Authorization to access Protected Information shall be granted as necessary based on job functions.

Access to Protected Information may be periodically monitored by the CEO and COO.

Privacy and security incident policy

All privacy and security incidents shall be reported to the COO who shall take appropriate steps to block further incidents, repair and restore service, and preserve evidence. Any information concerning a known or suspected privacy or security breach (an “Incident”) must be reported to the COO without delay and in writing. The COO is responsible for managing mitigation efforts. The COO shall conduct a prompt assessment of the nature and scope of the incident and identification of what PII has been accessed or misused. Together for Girls shall promptly notify the appropriate authorities once the organization becomes aware of an incident involving unauthorized access to or use of PII. In collaboration with the CEO, the COO shall implement measures to contain and control the incident to prevent further authorized access to or misuse of PII, preserving records and other evidence.

Data protection officer

Together for Girls designates the COO to serve as the organization’s Data Protection Officer (“DPO”) who will ensure Together for Girls complies with the GDPR’s requirements and applicable data protection laws. The DPO will be responsible for staff training, data protection impact assessments, internal audits, and maintaining records of all data processing activities by Together for Girls. The DPO will also serve as the primary contact for regulatory authorities, and individuals whose data is processed by Together for Girls (“data subjects”), and responsible for responding to data subjects to inform them about how their personal data is being used and what measures Together for Girls has put in place to protect their data. The DPO will also ensure that data subjects’ requests to see copies of their personal data or to have their person data erased are fulfilled or responded to, as necessary.

Evaluation assessment

Through its outsourced IT provider, Together for Girls shall perform a periodic technical and non-technical evaluation to make certain that Together for Girls’ security policies and procedures continue to comply with all applicable laws, regulations, and administrative policies.

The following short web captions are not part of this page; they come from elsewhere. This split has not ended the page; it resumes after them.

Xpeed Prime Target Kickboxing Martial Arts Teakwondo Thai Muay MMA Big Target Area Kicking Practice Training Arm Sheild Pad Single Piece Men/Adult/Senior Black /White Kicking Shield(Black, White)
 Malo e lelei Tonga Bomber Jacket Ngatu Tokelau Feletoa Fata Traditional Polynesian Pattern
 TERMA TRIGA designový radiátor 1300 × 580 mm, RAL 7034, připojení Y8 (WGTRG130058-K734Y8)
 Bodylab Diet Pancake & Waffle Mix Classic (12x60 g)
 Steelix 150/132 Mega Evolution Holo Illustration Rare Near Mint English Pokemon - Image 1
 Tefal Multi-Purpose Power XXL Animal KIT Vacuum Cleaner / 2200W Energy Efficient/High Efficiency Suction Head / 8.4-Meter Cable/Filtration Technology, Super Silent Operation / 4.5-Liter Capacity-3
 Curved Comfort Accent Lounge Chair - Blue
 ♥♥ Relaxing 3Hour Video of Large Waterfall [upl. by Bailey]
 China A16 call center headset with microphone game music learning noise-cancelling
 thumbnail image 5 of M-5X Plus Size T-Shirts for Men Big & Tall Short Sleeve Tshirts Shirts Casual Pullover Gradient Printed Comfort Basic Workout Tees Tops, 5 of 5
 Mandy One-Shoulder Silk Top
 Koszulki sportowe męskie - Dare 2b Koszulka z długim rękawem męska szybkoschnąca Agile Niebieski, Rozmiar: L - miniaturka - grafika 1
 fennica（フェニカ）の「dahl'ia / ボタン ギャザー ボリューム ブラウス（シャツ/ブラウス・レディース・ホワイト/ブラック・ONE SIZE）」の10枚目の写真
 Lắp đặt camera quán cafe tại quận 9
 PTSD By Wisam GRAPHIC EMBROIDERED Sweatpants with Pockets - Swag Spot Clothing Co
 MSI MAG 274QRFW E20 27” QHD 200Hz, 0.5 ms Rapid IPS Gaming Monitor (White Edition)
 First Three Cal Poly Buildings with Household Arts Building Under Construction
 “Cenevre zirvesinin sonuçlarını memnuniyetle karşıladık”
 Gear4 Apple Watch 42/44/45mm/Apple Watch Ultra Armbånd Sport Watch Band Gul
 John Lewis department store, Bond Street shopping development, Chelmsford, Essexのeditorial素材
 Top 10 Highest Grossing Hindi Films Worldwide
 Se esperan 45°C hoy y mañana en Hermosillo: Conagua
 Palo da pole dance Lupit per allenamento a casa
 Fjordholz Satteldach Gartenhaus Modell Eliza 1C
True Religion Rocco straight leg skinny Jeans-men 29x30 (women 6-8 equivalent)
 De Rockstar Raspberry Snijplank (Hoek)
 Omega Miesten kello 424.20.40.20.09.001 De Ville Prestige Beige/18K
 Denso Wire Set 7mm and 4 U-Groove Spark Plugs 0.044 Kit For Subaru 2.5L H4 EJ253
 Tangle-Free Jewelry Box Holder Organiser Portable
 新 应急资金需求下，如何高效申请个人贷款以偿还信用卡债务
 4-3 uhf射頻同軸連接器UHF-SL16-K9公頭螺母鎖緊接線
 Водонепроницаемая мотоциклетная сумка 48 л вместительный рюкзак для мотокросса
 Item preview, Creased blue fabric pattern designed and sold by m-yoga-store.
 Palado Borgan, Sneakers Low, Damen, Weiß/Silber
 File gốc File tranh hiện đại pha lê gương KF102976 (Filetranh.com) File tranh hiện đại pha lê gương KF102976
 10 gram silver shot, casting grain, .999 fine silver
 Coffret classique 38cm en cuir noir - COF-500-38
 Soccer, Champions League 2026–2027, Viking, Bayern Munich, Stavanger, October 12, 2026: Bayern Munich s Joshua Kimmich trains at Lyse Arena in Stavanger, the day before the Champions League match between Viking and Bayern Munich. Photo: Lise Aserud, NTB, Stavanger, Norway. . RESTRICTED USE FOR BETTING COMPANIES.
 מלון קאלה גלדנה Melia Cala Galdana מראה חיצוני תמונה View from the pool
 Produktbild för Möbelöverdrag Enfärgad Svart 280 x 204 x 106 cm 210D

Destruction of protected information policy

This Plan covers all media containing Protected Information. All media shall be wiped or destroyed in a manner to safeguard confidentiality of Protected Information.

Plan exceptions

TfG acknowledges that, in rare circumstances, certain users will need to employ systems that are not compliant with these policies. The COO must approve all such instances in writing in advance.

Point of contact

Questions regarding this Plan and other information security policies may be directed to the Together for Girls Operations Team: operations@togetherforgirls.org

If you have a concern about how Together for Girls has processed your data, you can make a complaint via our AllVoices platform https://togetherforgirls.allvoices.co/

Plan compliance

Failure to comply with this Plan and all supporting or related information-security policies, procedures, and guidelines will be investigated and presented to Together for Girls’ appropriate executive officers and management for disciplinary action, up to and including termination of employment and/or legal action, as appropriate.